» SUPPLIED RECORDS
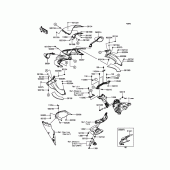 Схема вузла: Cowling(Upper) для Kawasaki ZX1400 ZBSR1400 ABS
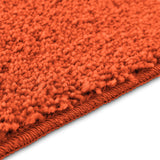 3-delige Badmat Set Oranje Polypropyleen Antislip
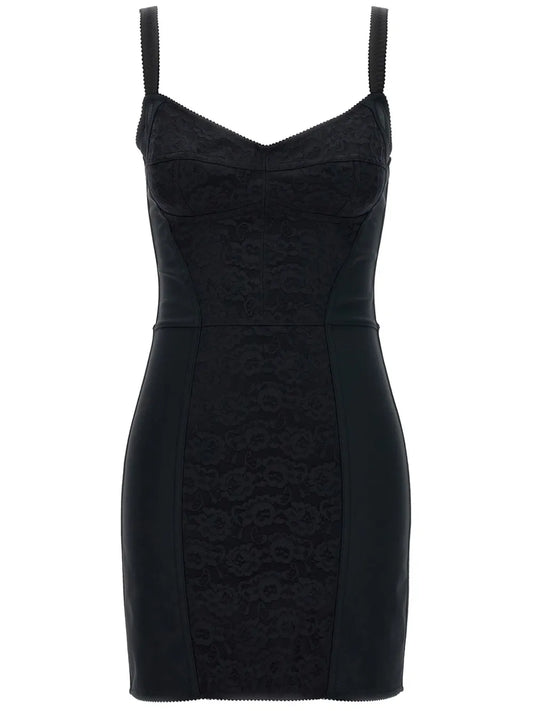 Floral-Lace Corset Slip Dress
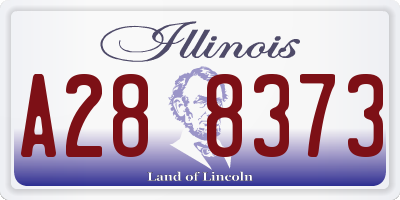 IL license plate A288373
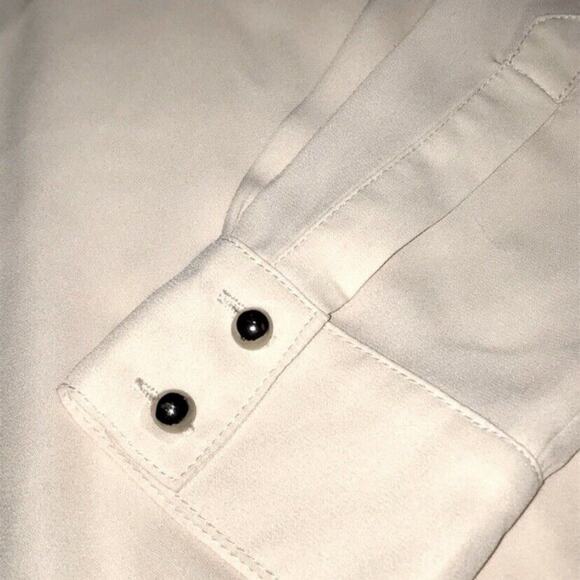 Forever 21 Pink Collared Button Down Sheer Blouse - Picture 8 of 10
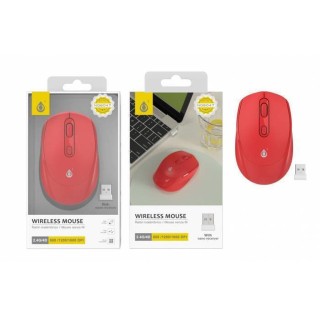 Moveteck NG6047 Ασύρματο Ποντίκι Κόκκινο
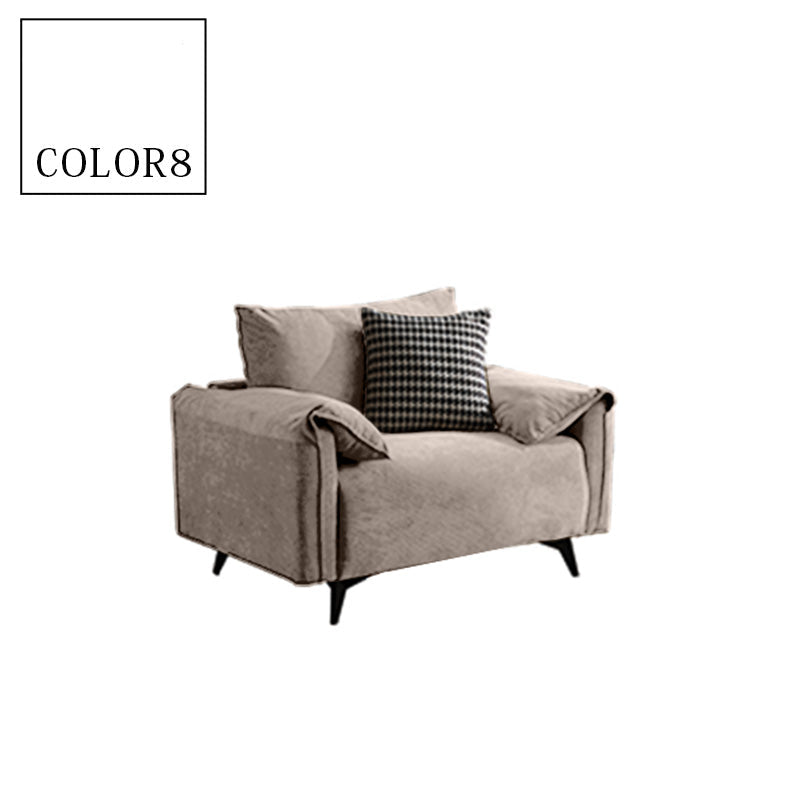 軽ラグジュアリー二人掛け直線型ソファ リビング向けシンプルデザインオイルワックスレザー qm-5616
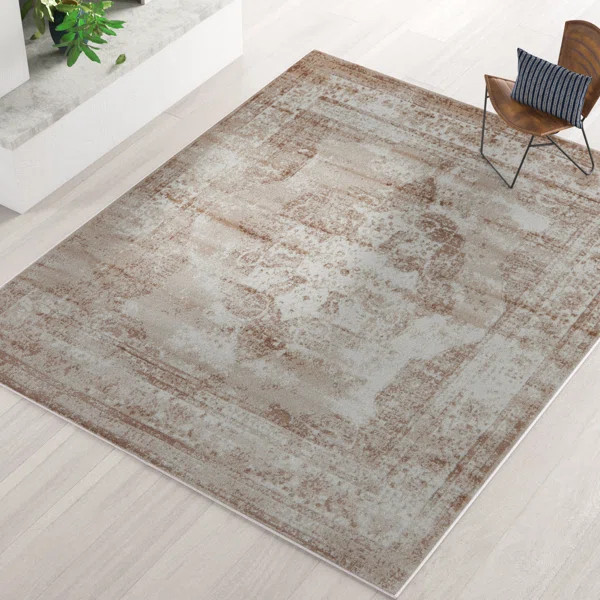 Brandt Oriental Beige Area Rug | Wayfair North America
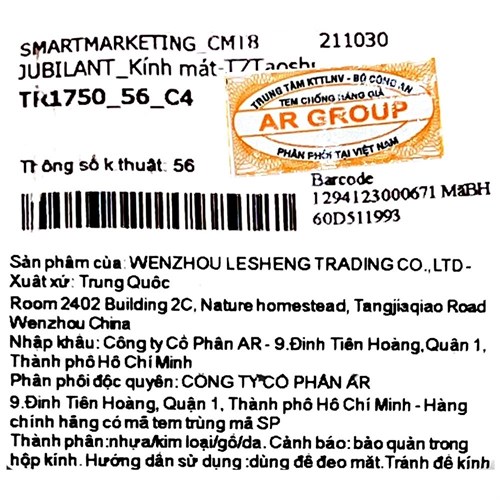 Mắt kính thời trang Unisex Jubilant TR1750_56_C4 Màu Bạc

» TASK DIRECTIONS
Reproduce, word for word, every line from the one that contains "IL license plate A288373" to the end of the data, including both ends; omit all pictures.

» SOLUTION
 IL license plate A288373
 Forever 21 Pink Collared Button Down Sheer Blouse - Picture 8 of 10
 Moveteck NG6047 Ασύρματο Ποντίκι Κόκκινο
 軽ラグジュアリー二人掛け直線型ソファ リビング向けシンプルデザインオイルワックスレザー qm-5616
 Brandt Oriental Beige Area Rug | Wayfair North America
 Mắt kính thời trang Unisex Jubilant TR1750_56_C4 Màu Bạc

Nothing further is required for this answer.